#### Work required
Your answer is one number: the count of lines below that hold the word "Gold".

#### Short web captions
⟨

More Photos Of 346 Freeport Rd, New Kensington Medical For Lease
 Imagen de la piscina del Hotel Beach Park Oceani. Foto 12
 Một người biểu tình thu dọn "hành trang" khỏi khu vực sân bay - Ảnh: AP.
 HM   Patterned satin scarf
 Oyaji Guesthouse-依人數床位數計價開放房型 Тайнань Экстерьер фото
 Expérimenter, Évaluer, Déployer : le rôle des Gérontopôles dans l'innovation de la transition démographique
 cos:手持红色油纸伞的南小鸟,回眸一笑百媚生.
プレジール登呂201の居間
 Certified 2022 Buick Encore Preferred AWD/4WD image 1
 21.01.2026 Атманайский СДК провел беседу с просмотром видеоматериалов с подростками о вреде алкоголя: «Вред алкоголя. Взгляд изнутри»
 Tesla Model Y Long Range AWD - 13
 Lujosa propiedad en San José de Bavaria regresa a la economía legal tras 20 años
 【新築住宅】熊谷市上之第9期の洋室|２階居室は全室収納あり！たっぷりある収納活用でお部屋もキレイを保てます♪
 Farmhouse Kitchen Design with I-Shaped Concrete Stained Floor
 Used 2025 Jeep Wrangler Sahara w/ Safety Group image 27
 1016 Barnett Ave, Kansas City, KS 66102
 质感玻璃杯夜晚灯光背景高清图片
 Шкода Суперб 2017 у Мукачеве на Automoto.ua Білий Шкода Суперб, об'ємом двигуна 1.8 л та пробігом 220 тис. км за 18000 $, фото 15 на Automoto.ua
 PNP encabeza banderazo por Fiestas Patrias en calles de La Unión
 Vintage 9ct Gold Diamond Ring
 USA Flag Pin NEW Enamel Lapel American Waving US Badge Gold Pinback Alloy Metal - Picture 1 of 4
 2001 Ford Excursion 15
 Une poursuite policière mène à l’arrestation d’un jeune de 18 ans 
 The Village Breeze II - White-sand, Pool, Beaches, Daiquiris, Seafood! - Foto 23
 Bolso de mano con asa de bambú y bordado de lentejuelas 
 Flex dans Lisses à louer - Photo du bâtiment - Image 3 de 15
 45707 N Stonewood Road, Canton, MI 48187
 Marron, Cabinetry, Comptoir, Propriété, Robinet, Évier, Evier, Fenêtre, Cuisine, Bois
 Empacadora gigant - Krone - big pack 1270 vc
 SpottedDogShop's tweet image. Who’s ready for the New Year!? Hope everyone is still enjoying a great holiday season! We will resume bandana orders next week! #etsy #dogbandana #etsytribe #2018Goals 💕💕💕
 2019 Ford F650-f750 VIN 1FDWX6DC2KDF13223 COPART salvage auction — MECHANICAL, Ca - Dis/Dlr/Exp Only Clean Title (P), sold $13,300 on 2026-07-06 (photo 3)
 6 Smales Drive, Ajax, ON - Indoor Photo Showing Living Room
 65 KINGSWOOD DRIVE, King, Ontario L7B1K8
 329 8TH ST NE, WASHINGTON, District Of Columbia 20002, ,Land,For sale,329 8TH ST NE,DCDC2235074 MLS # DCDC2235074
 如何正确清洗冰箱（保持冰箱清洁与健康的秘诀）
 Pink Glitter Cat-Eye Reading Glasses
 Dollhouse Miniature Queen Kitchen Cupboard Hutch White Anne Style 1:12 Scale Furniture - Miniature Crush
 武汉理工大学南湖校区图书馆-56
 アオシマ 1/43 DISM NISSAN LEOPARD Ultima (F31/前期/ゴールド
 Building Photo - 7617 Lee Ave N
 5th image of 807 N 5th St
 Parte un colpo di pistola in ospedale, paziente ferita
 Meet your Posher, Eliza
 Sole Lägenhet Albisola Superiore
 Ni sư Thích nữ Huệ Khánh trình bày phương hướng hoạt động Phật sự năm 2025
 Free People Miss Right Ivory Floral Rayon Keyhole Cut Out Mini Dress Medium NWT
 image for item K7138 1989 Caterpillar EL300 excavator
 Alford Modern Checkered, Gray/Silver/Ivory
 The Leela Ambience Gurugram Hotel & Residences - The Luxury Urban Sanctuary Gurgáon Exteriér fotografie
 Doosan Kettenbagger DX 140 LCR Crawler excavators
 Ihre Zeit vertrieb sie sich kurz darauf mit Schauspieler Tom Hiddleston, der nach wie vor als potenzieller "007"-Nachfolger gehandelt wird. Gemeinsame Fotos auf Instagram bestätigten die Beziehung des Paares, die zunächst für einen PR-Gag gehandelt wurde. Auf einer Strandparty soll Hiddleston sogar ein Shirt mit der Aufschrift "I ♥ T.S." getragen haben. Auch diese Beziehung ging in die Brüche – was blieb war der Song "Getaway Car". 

⟩

#### Exercise output
2